**GIVEN RECORDS:**
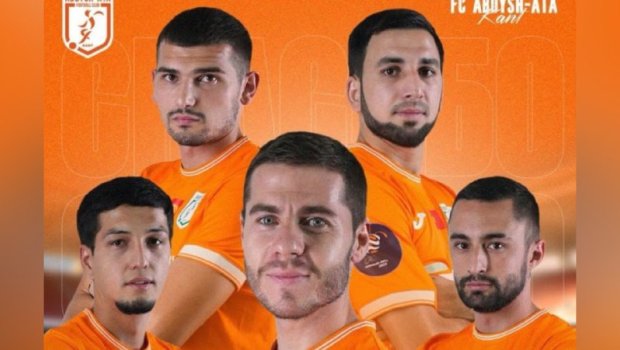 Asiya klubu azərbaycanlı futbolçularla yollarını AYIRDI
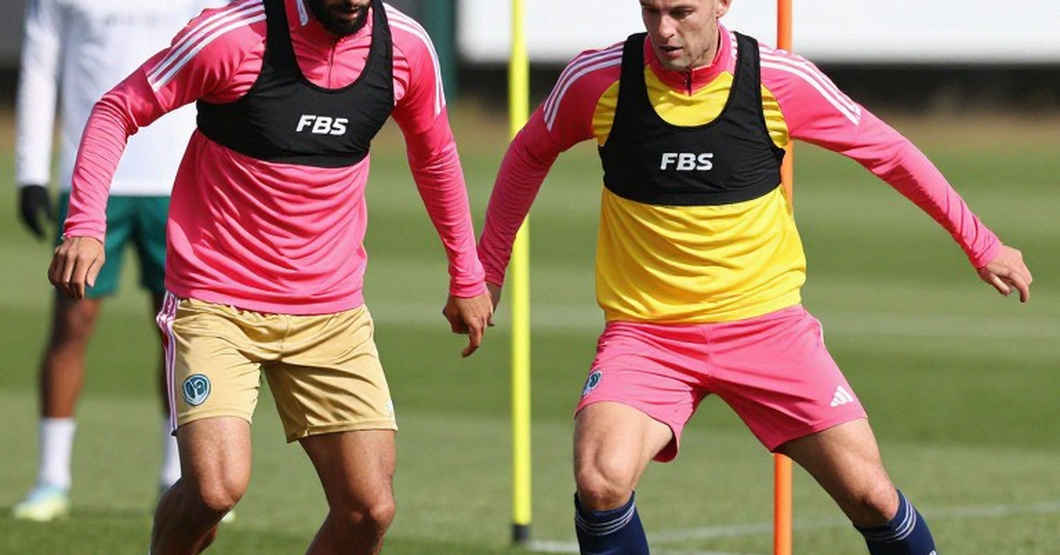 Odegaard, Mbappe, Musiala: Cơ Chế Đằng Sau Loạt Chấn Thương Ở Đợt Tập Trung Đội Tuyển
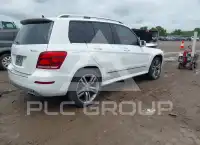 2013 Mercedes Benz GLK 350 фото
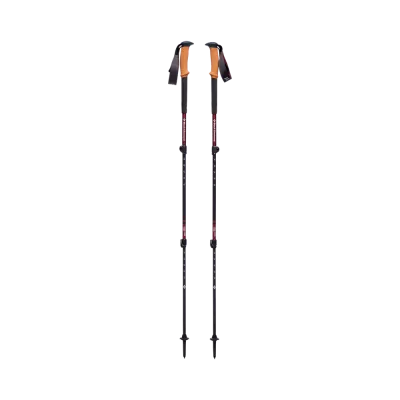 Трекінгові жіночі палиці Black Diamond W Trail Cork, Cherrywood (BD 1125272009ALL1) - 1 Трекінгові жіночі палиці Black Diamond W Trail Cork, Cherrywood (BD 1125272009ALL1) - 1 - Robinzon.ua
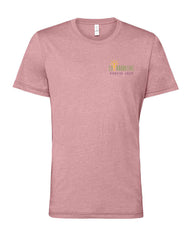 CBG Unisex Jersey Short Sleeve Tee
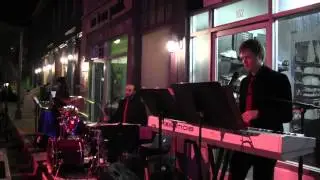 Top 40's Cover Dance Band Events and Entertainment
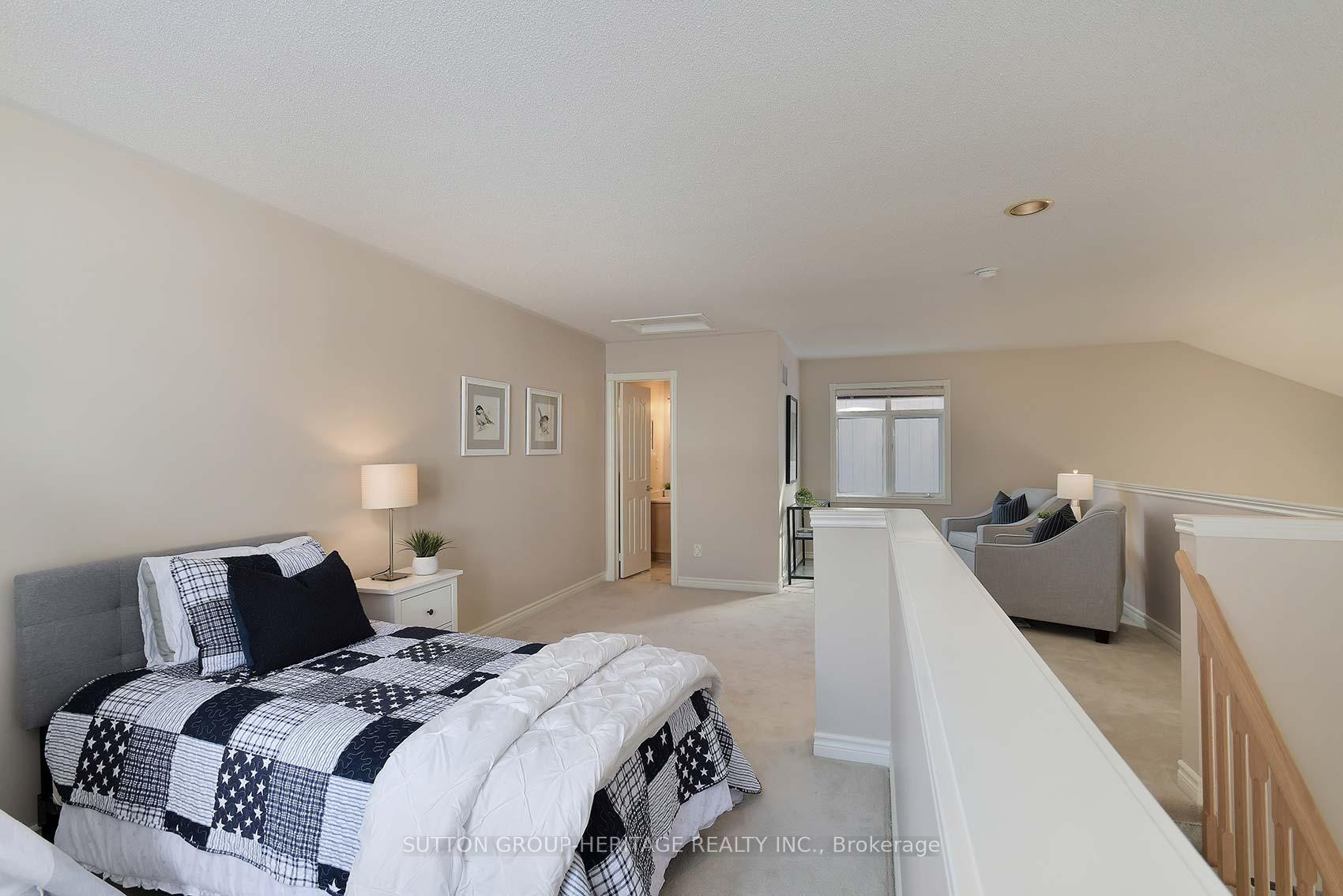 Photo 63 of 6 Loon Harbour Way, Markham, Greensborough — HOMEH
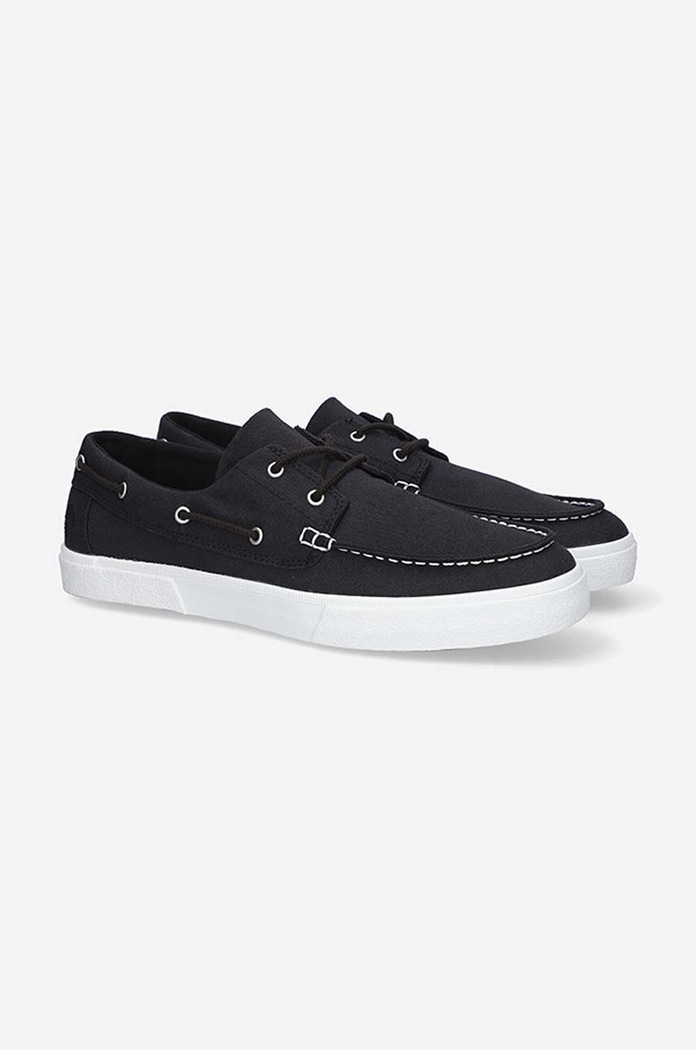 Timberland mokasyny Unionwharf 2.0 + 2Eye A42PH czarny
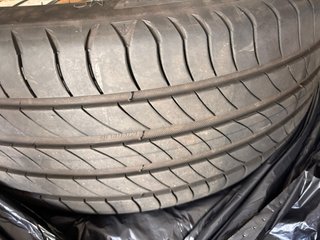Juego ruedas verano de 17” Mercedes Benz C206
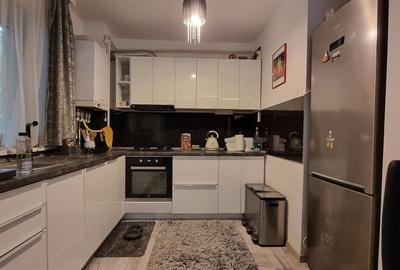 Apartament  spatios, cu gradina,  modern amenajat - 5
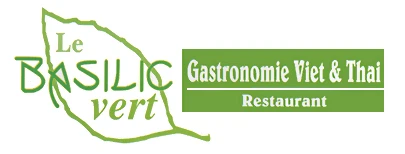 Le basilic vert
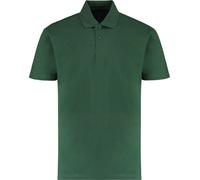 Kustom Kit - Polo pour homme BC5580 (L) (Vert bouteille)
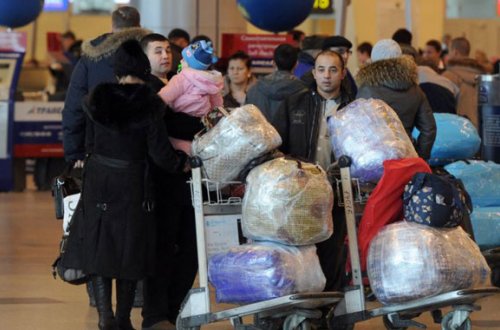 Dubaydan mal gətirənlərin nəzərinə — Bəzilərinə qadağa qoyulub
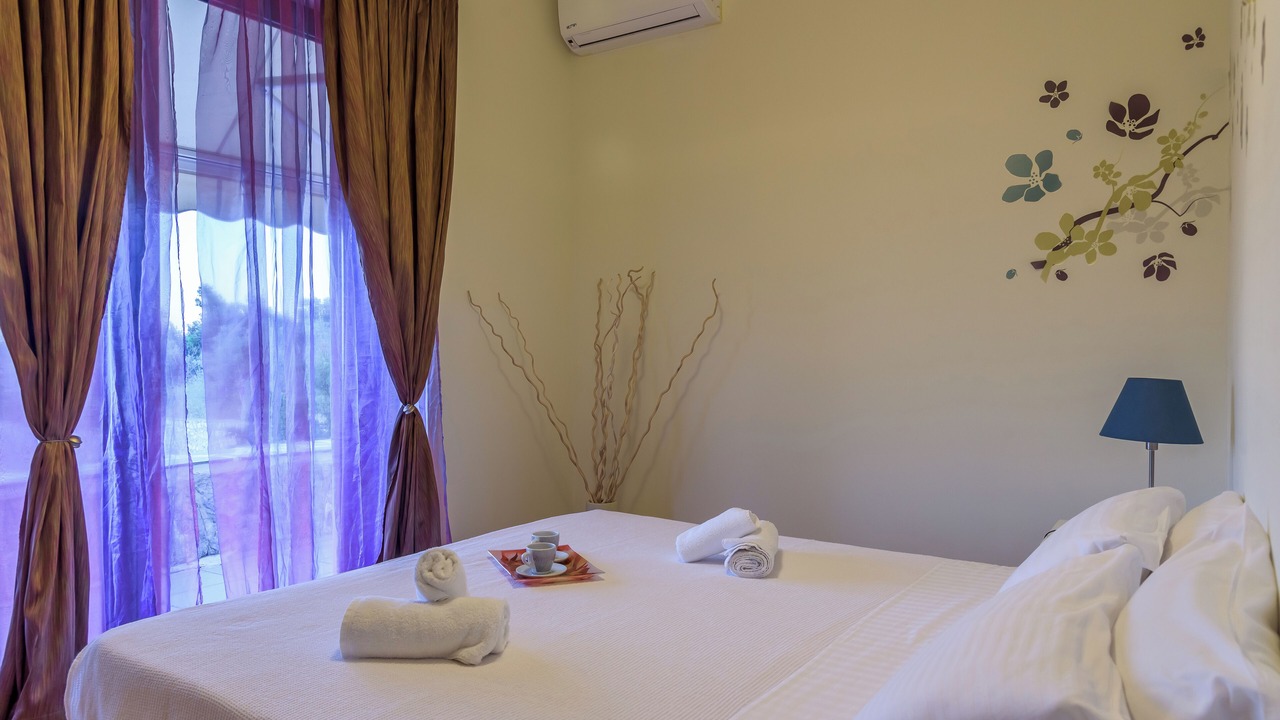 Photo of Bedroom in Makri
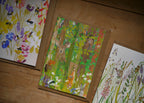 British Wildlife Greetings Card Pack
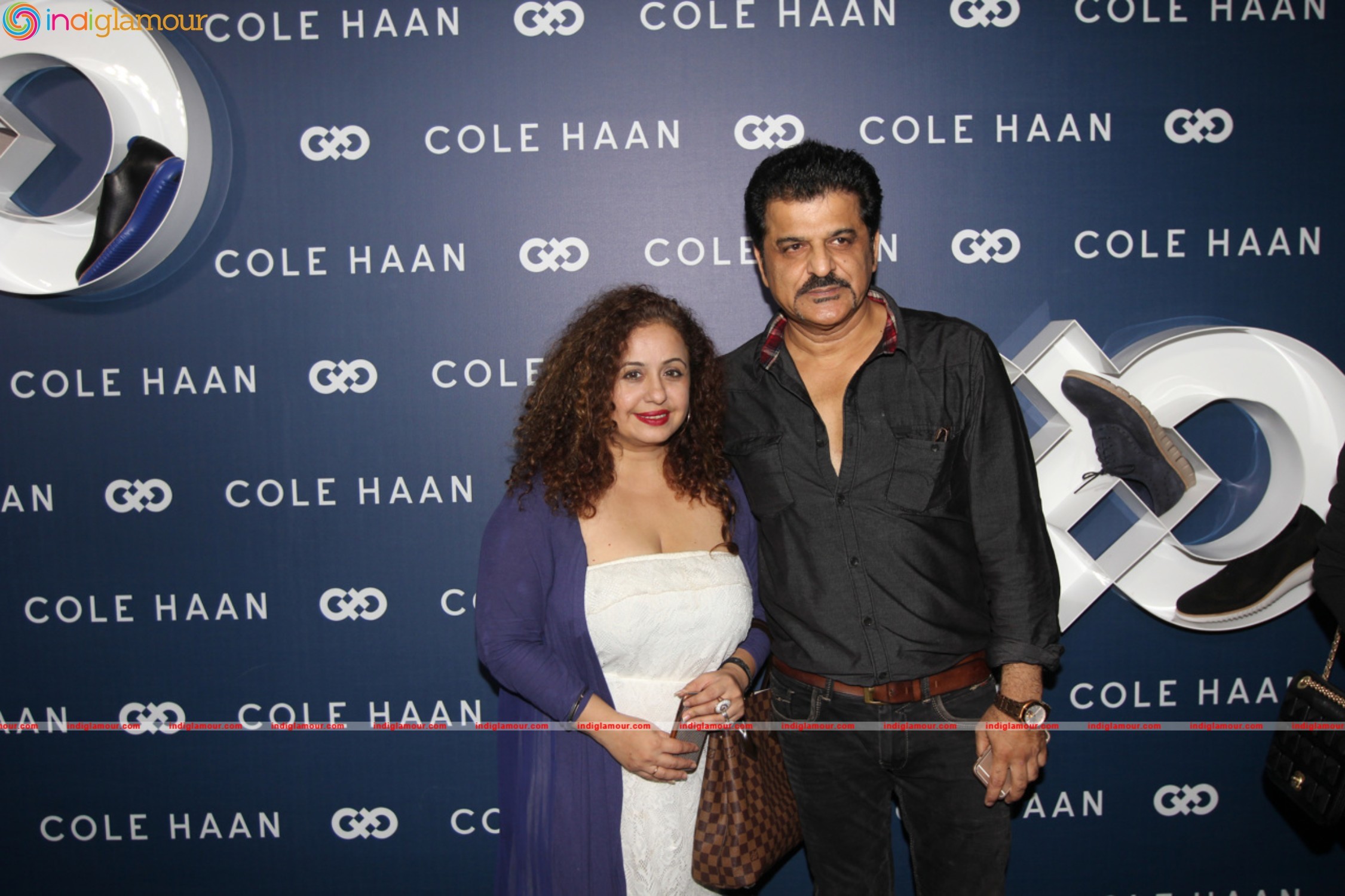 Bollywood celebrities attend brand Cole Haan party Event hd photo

**WHAT YOU ARE ASKED TO DO:** Repeat the data exactly as given. Keep every picture out of the copy.

**TASK RESULT:**
 Asiya klubu azərbaycanlı futbolçularla yollarını AYIRDI
 Odegaard, Mbappe, Musiala: Cơ Chế Đằng Sau Loạt Chấn Thương Ở Đợt Tập Trung Đội Tuyển
 2013 Mercedes Benz GLK 350 фото
 Трекінгові жіночі палиці Black Diamond W Trail Cork, Cherrywood (BD 1125272009ALL1) - 1 Трекінгові жіночі палиці Black Diamond W Trail Cork, Cherrywood (BD 1125272009ALL1) - 1 - Robinzon.ua
 CBG Unisex Jersey Short Sleeve Tee
 Top 40's Cover Dance Band Events and Entertainment
 Photo 63 of 6 Loon Harbour Way, Markham, Greensborough — HOMEH
 Timberland mokasyny Unionwharf 2.0 + 2Eye A42PH czarny
Juego ruedas verano de 17” Mercedes Benz C206
 Apartament  spatios, cu gradina,  modern amenajat - 5
 Le basilic vert
 Kustom Kit - Polo pour homme BC5580 (L) (Vert bouteille)
 Dubaydan mal gətirənlərin nəzərinə — Bəzilərinə qadağa qoyulub
 Photo of Bedroom in Makri
 British Wildlife Greetings Card Pack
 Bollywood celebrities attend brand Cole Haan party Event hd photo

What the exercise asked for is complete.